Dataset Block Start

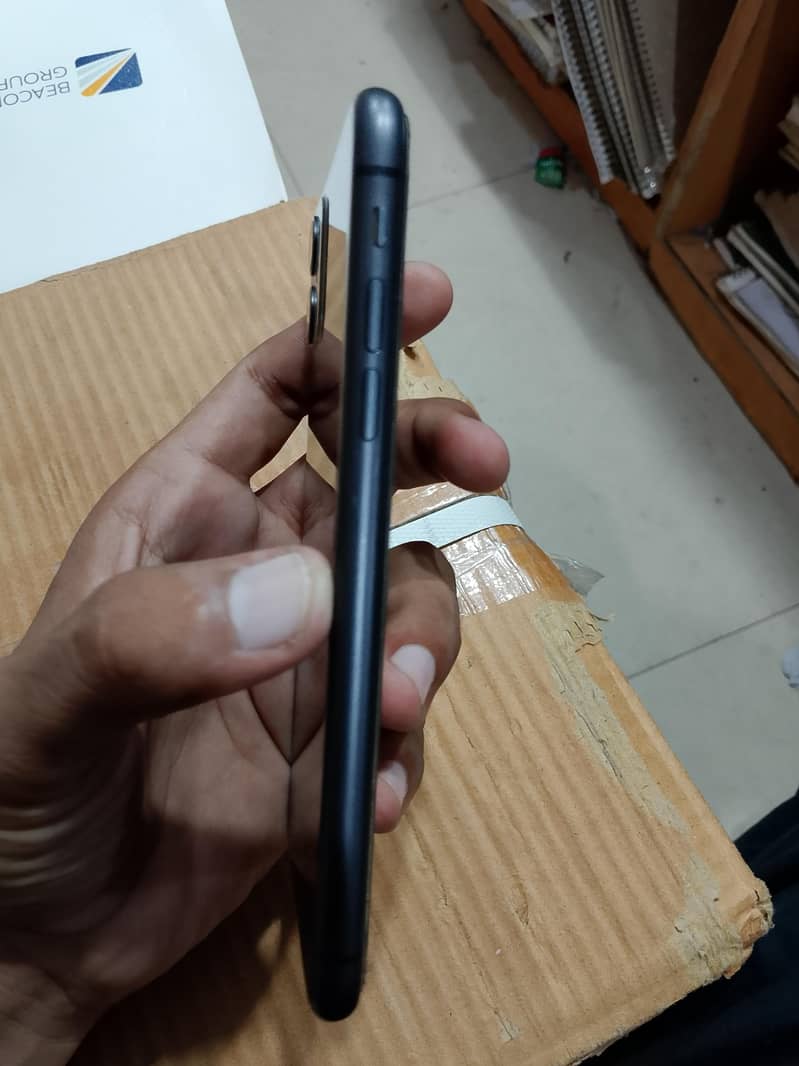 Apple iPhone 11 2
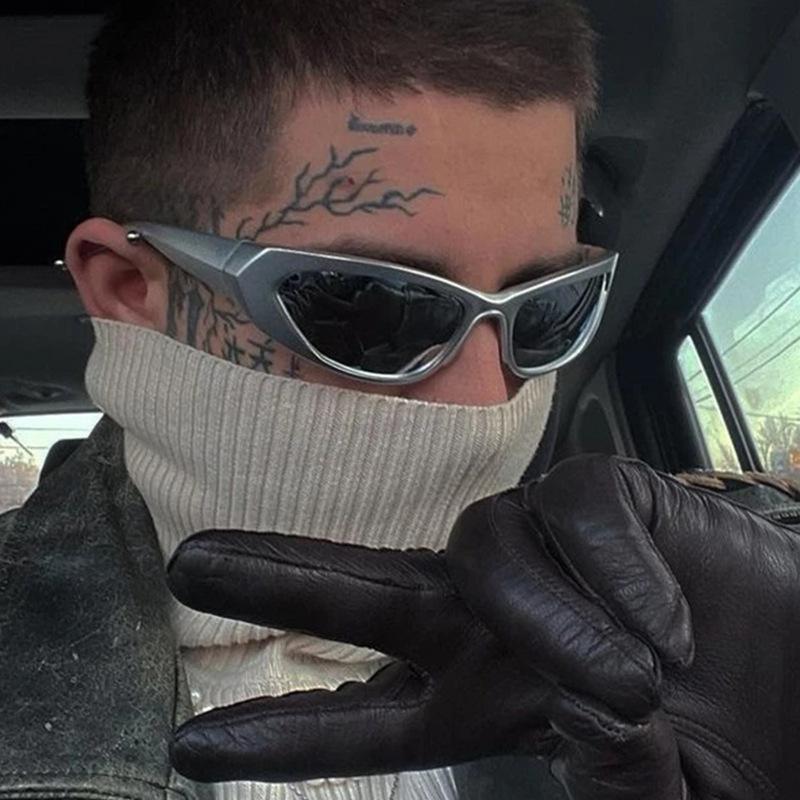 New  Punk Sunglasses Women Goggle Y2k Luxury Brand Sun Glasses 2000'S Shades Eyewear UV400 Female Designer Eyeglasses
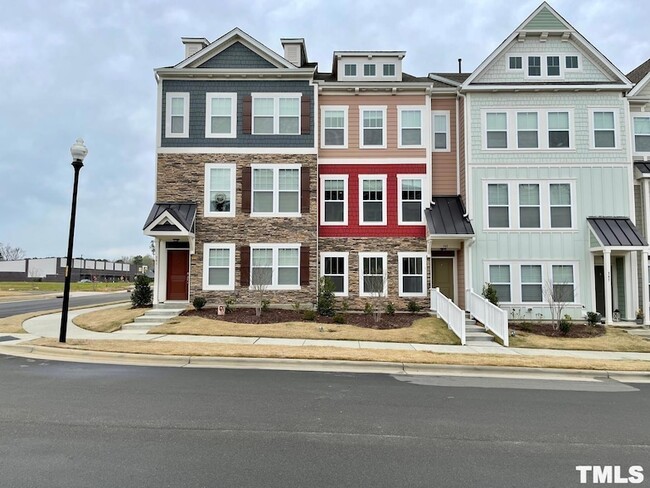 Building Photo - 343 Great Northern Sta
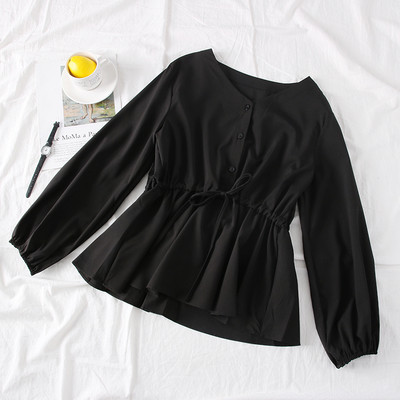 Modern női ing kerek nyakkivágással, gombokkal és megkötővel a derekán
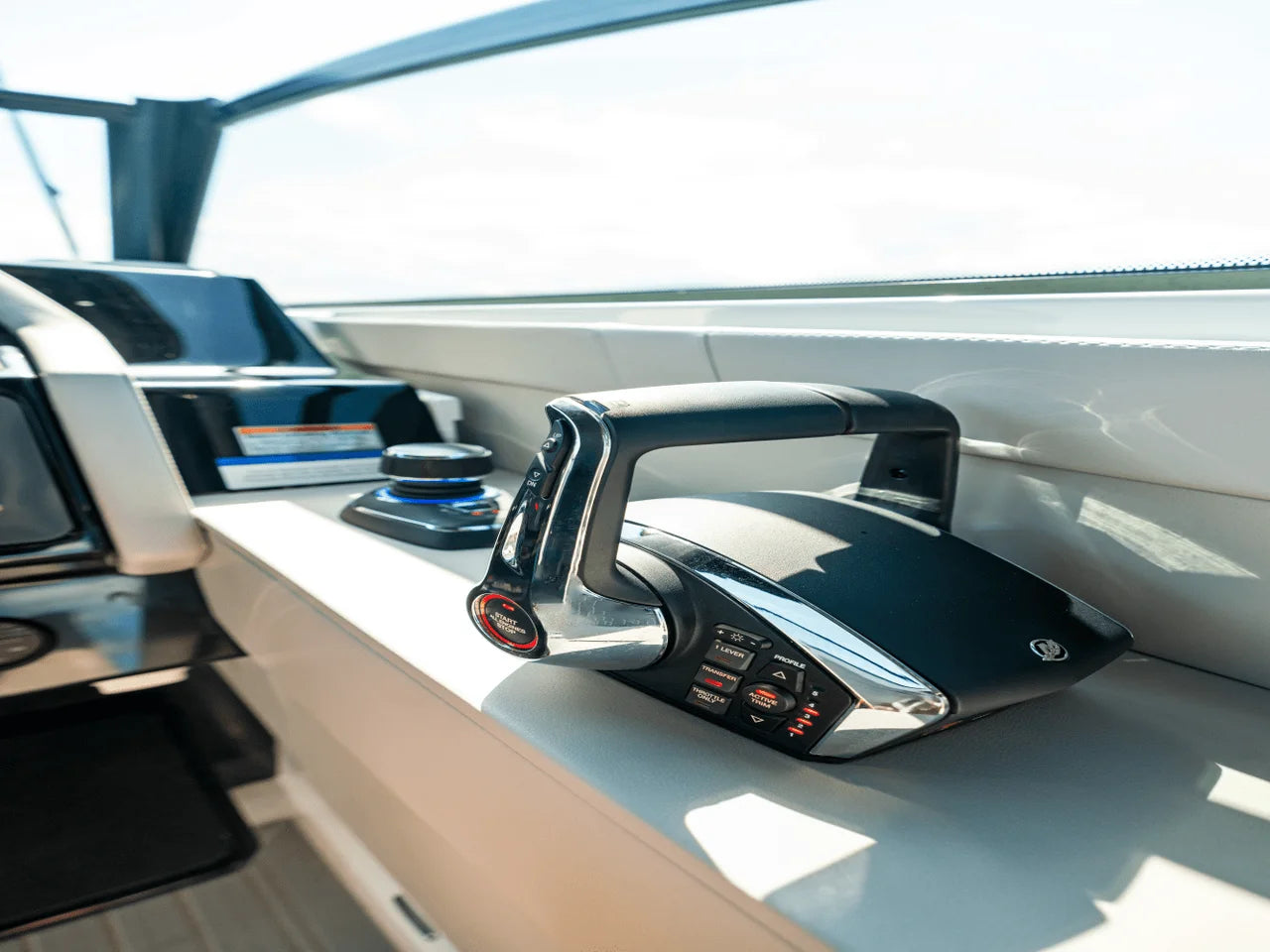 2026 Cruisers Yachts 34 GLS Outboard 35.0 feet, Inuvik, Northwest Territories #120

Dataset Block End

Transcribe the listing above verbatim. No picture belongs in the result.

### Solution
 Apple iPhone 11 2
 New  Punk Sunglasses Women Goggle Y2k Luxury Brand Sun Glasses 2000'S Shades Eyewear UV400 Female Designer Eyeglasses
 Building Photo - 343 Great Northern Sta
 Modern női ing kerek nyakkivágással, gombokkal és megkötővel a derekán
 2026 Cruisers Yachts 34 GLS Outboard 35.0 feet, Inuvik, Northwest Territories #120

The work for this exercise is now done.